Today marks the end of our journey with Keith and Damon. I wanted to thank you all for reading and I'd love to see you in my other future stories. I know this is a rather short story and my explanation for that is that this is my first book on wattpad. It even is the first book I published for the world to see. So I wanted a short story to get used to writing in English and how Wattpad works.
Special thanks to Infinite_Galaxies817, JustMe_Evie and overdagmar for their comments and support.<3
With love, BlackRoses

Keith's pov

To say that I was nervous is an understatement. I was shaking because of the anxiety that took over me.

Today was Damon's funeral, and I had been asked to speak a few things. Of course I had prepared something with my mom, but I already knew that I wouldn't be able to say a thing.

Yesterday I saw Damon for the last time, before they closed his coffin. I hadn't even cried, but I just stood there holding his hand which was cold as ice.

His family, I never got to meet them while Damon dreamt of introducing me to his family. Well his dream came true, but not in the way we expected.

Rachel had been crying, and every now and then she had put het arms around me and hugged me. But I felt like with Damon a part of me died and I couldn't return her hugs.

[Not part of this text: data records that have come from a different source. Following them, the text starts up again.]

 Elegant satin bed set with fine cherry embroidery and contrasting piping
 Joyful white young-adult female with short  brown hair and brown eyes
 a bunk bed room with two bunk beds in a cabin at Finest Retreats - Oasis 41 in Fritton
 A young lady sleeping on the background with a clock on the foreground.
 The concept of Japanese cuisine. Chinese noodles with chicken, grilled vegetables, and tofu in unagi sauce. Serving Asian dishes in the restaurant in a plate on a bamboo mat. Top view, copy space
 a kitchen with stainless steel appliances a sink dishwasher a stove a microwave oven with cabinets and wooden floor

His father, brothers and sister, they all had puffy eyes like mine. But none of them held the guilt that laid in mine.

It ws after all, my fault. I had pushed him this far. I had been too late. The Knives killed him because of me.

The Knives had been caught, all of them. Of course Cameron would be judged for a heavier crime. But I actually didn't care. It was too late anyways.

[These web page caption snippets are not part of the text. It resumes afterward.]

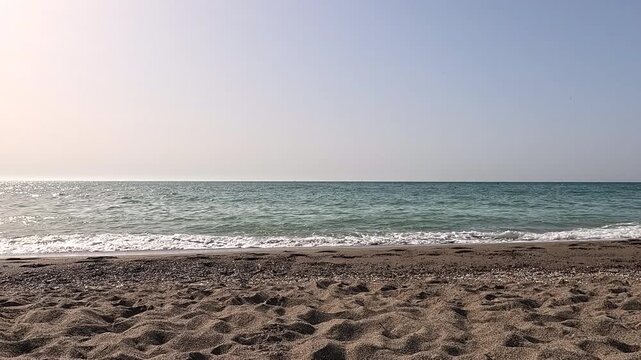 timelapse , c&aacute;mara r&aacute;pida, en la playa con el mar mediterr&aacute;neo en M&aacute;laga, con movimiento de peque&ntilde;as olas en la orilla y arena fina  y aviones que pasan por el cielo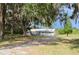 Exterior view of home with mature trees at 11141 Rex Hunter Ln, Lithia, FL 33547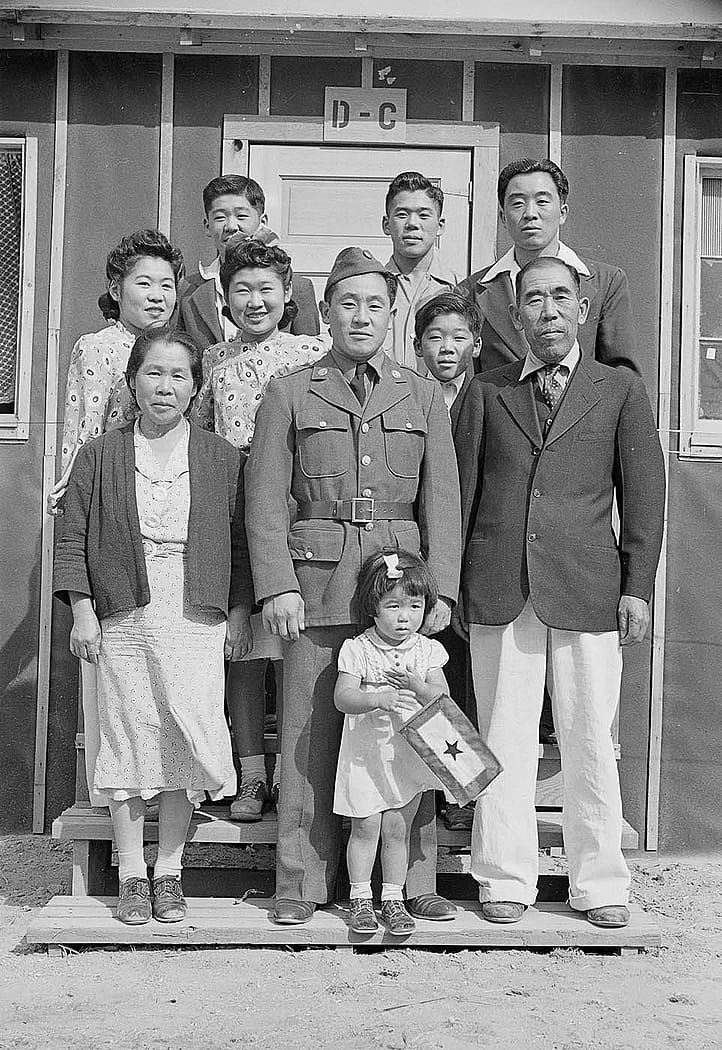 Yamano family with son on leave from the Army at Heart Mountain Relocation Center. MS 89 Jack Richard Photograph Collection, McCracken Research Library. PN89.111.21236.21no family with son on leave from the Army at Heart Mountain Relocation Center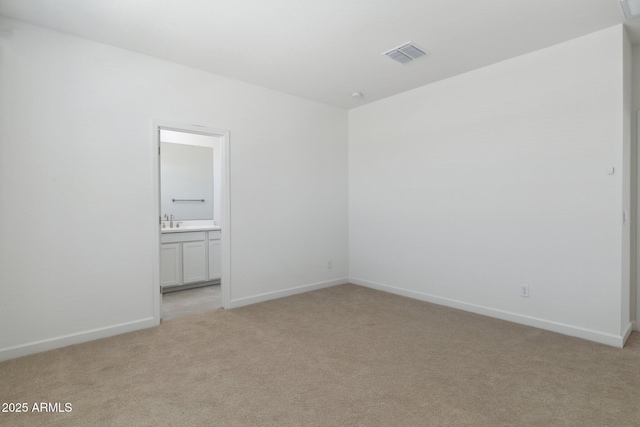 carpeted spare room with sink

I starer at the mirror as I knotted my tie. The emptiness in my chest was familiar and feared, even hated, but nonetheless it was there. And I knew it would stay with me for a while.

"Keith?" My mother asked warily through the door of the bathroom.

The moments she left me alone she still checked on me every fifteen minutes. Probably to make sure I didn't kill myself.

I wasn't even sure myself if she exaggerated or not.

"Keith?" My mother asked again already opening the door and sighing in relief. "Come my dear, let me help you." She said soft and did my tie while I let my trembling hands fall.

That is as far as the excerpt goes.